Date

Lecture Date: Monday, October 24

We will first start by reviewing regular expressions, doing a few more examples. One good use for regular expressions is password validation:

^.{4,8}$ - Any set of characters, between 4 and 8 characters long.

^[a-zA-Z]\w{3,14}$ - Must start with a letter, then can have anything else between 3 and 14 characters long.

Reading plain text is one thing. Reading through an HTML website is a bit trickier. We could just basically ignore all the HTML stuff and just grab what we want. But what if the stuff we want is indicated by the HTML?

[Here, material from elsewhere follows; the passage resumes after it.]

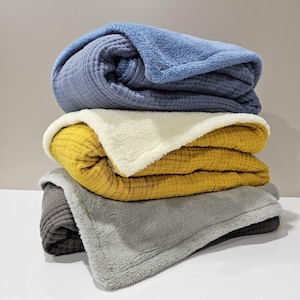 K&ouml;nnte beinhalten: Ein Stapel aus drei gefalteten Decken in Blau-, Gelb- und Graut&ouml;nen. Die oberste Decke ist blau, die mittlere ist gelb mit cremefarbenem Sherpa-Futter und die untere Decke ist grau.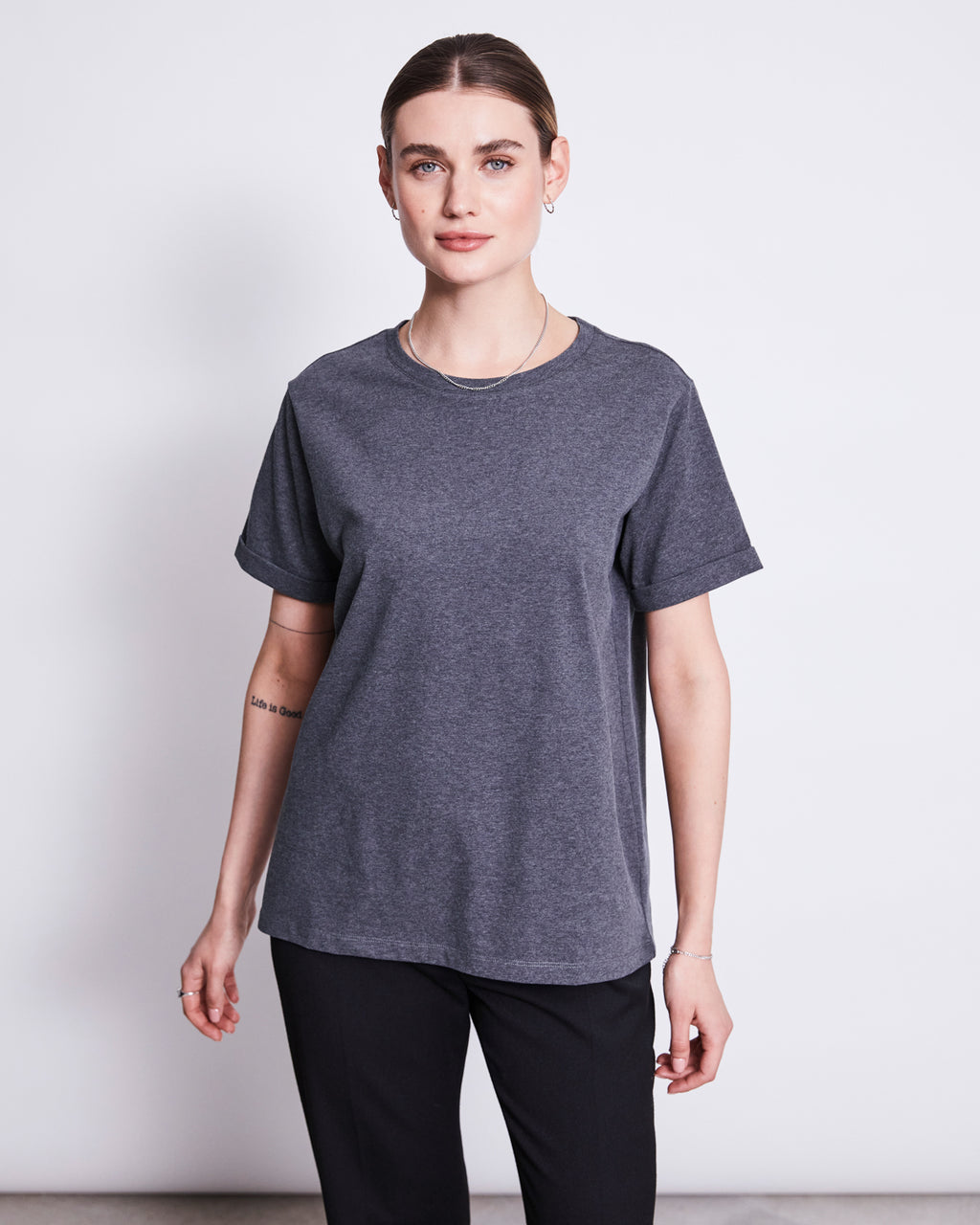 A woman with brown hair pulled back wears the jan-n-june BRUSHED T-SHIRT BOY DARK GREY GOTS and black pants, standing against a plain white background and looking at the camera with a neutral expression.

BeautifulSoup is an HTML parsing library. It allows you to specifically look through HTML to find particular tags that you can pull out.

BeautifulSoup4 Docs - http://www.crummy.com/software/BeautifulSoup/bs4/doc/

Using Beautiful Soup:

# First install BeautifulSoup4

import urllib.request
import bs4

web = urllib.request.urlopen("https://cs1110.cs.virginia.edu/souptest.html")
page = web.read()

parsedPage = bs4.BeautifulSoup(page, "html.parser")

for tag in parsedPage.find_all('h1'):
    print(tag)

HTML you can parse:

<html>
    <head>
        <title>Test Page!</title>
    </head>
    <body>
        <h1>Section 1</h1>
            Here is some really interesting information!
        <h1>Section 2</h1>
            Some more really cool stuff!
        <h1>Section 3</h1>
            Even more stuff you care about!
    </body>
</html>

Reading the UVa Men's Basketball schedule:

import urllib.request
import bs4

web = urllib.request.urlopen("http://www.virginiasports.com/sports/m-baskbl/sched/va-m-baskbl-sched.html")
page = web.read()

parsedPage = bs4.BeautifulSoup(page, "html.parser")

for tag in parsedPage.find_all('td', class_="sch-col-1"):
    print(tag)

Reading Lou's List:

import urllib.request
import bs4

web = urllib.request.urlopen("http://rabi.phys.virginia.edu/mySIS/CS2/page.php?Semester=1168&Type=Group&Group=CompSci")
page = web.read()

parsed_page = bs4.BeautifulSoup(page, "html.parser")

for section_tag in parsed_page.find_all('td', class_="CourseName"):
    print(section_tag.text)